Problem description ::
In the material below, find the line containing "Coin salon dans" and the line containing "B-Roll; U.S. Army". Output those two lines and all lines between them exactly, without pictures.

Dataset entries ::

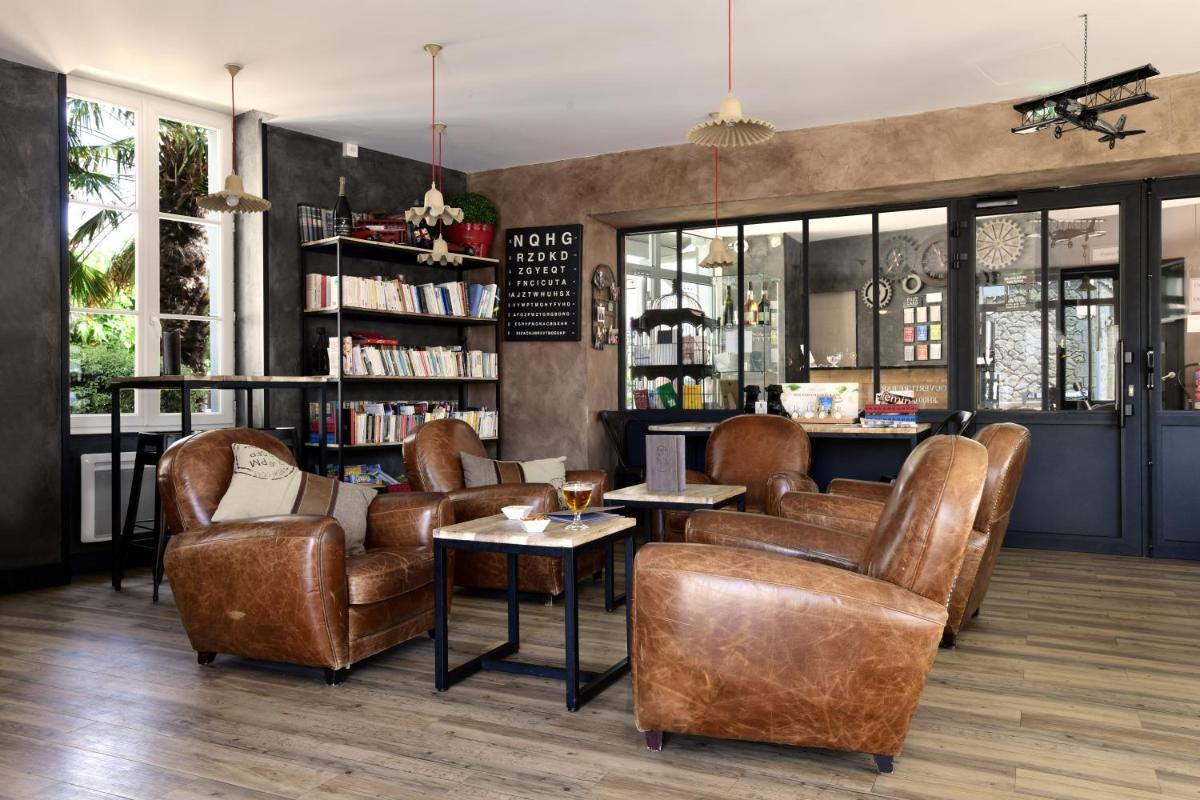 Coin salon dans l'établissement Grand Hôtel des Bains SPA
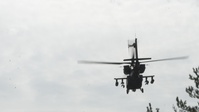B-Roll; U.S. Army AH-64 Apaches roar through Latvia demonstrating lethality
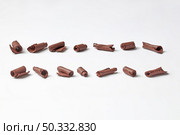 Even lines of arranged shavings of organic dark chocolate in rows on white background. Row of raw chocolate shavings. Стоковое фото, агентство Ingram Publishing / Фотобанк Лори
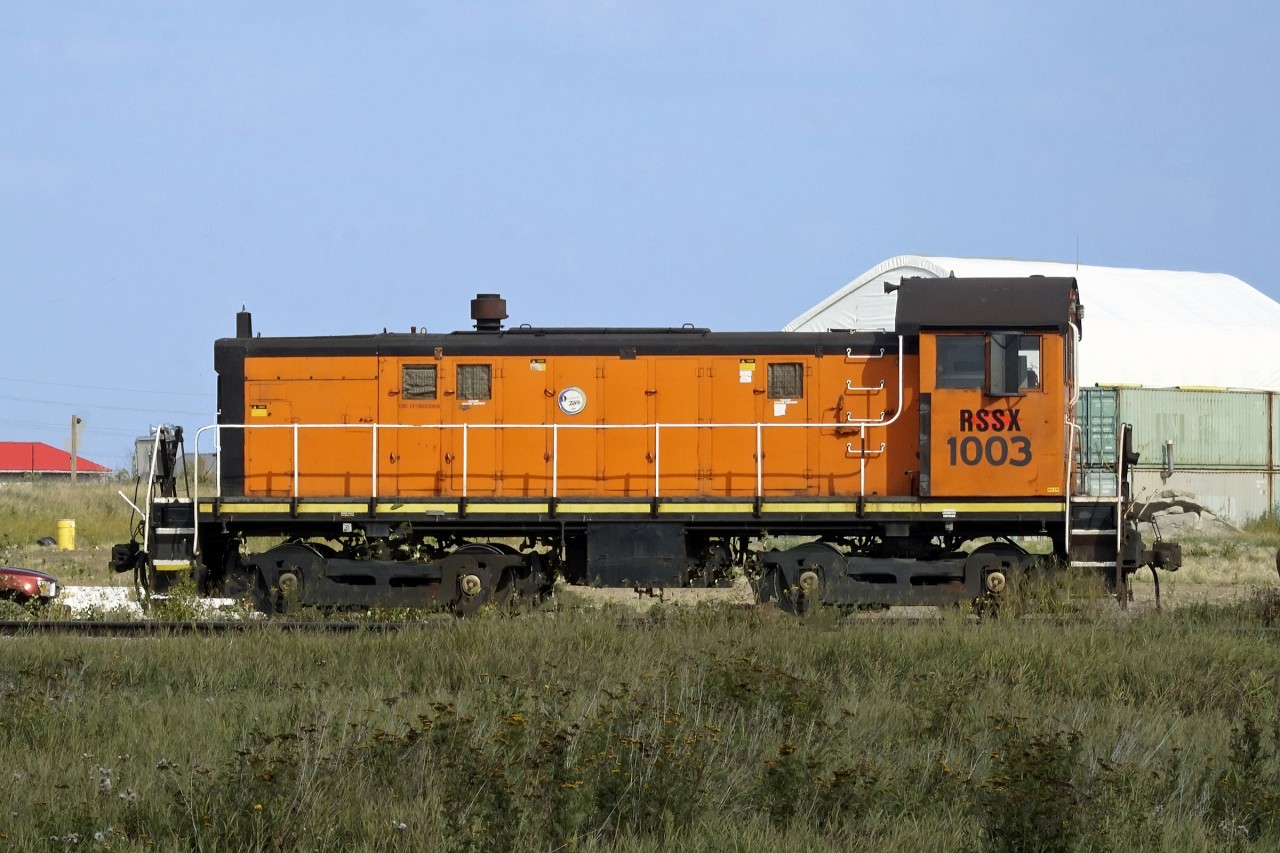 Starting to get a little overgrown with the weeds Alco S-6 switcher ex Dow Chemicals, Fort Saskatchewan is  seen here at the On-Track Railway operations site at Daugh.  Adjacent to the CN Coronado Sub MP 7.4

--

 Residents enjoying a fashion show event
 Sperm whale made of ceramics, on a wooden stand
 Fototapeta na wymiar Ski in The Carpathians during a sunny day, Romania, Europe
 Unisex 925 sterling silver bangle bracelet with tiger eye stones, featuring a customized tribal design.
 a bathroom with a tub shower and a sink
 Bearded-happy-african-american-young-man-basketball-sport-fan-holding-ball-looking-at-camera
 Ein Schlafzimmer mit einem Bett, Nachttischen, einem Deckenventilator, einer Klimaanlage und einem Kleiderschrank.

...

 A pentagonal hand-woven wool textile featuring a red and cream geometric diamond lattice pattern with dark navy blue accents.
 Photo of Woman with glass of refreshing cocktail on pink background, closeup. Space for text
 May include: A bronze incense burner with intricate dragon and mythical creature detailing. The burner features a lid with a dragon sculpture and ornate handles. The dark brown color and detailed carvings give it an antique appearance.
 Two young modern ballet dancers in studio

Output for this exercise ::
 Coin salon dans l'établissement Grand Hôtel des Bains SPA
B-Roll; U.S. Army AH-64 Apaches roar through Latvia demonstrating lethality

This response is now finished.